There’s a beautiful balance in the show between educating people who might not be familiar with Lunar New Year and also letting the cast enjoy the moments. Can you tell us how important that balance was and how it was decided?
It's so touching to be able to share this with the audience. And with my cast members, you know, everyone was learning something left and right. I've been talking to Joanna about a Lunar New Year episode for a while, and I'm just so happy that she gave it to me. Kara Wang who plays Sumi, she and I had a meeting with the writers to make sure we had all the specifics correct.
You know, we threw in little personal experiences, the superstitions, the details. I know the community will see the whole fish with the ginger, you know, and actually feel like home. You can taste it, you can smell it.
We have the right envelopes. We have superstitions of not cutting hair on the first day of Lunar New Year, because then you're taking away all the good luck. So I really wanted to have those things in it to make it as real as possible with everyone drinking baijiu, the Chinese rice wine. It's so cool to be able to show those traditions– also the burning of the money, and the lion dance… we really packed a lot into the episode, it was so loaded.
At the same time, we still had everyone else's storylines and the drama and the comedy... I don't know how they do it. Good Trouble – brilliant. It is the perfect TV show. Truly, I cannot be any happier with that episode and Kara Wang definitely helped a lot in terms of consulting and giving her two cents on the accuracy of everything, because she technically is more well-versed than I am. She’s my lifeline! [laugh]
Speaking of that, let's talk about the kiss at the end of the episode with Sumi and Alice, who've had this emotional roller coaster of this push-pull, on-off for three seasons. We kind of see it come full circle when they connect through Lunar New Year and kind of realise what they mean to each other. You know, Sumi has changed, she's winning the audience back, and I've just been reflecting on the fact that there's no other TV show that portrays love between two Asian women in this way, with this history. There's so much nuance and layers and depth, and I feel so seen and I'm the one doing it.
It's kind of mind blowing... then we add Ruby in the mix! The other girl that Alice is seeing, she's also Asian, it's a damn Asian women love triangle! Like, what is going on? How has this been missing for so long, this real human universal love story? This is something all Americans can relate to, even though we're Asian.
Speaking of complex romantic relationships, have you heard from fans that feel represented or understood by the show’s depiction? Can you tell people unfamiliar with the show how Good Trouble strives to be inclusive?
I get a lot of love in my DMs and on the streets, with people saying, “Thanks for representing us, thanks for making me feel seen. I love your character. She's so me.” That's what it's about. This is what TV is about, to see yourself on the screen.
For so long we didn't get those opportunities. So now I'm just like, hitting the ground running. I'm so loud. I'm so proud. And I'm not backing down until we get what we deserve. Because there's a lot of catching up to do.
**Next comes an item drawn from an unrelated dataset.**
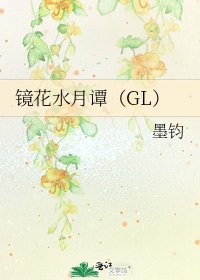 《镜花水月谭(GL)》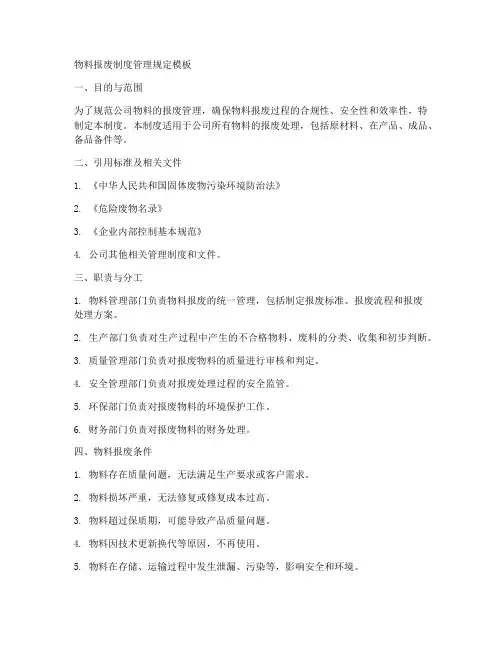 物料报废制度管理规定模板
I think with Good Trouble, no one feels left out in the audience. The queer stories, the people of colour, just everything – the human-ness of it all. It's so raw, it's so real, it's imperfect, it's messy, it's sexy, it's funny and educational.
Like, what else do you need in a TV show? So I'm just so proud, and I can't wait to keep telling these stories and continue making an impact just using my voice on and off screen.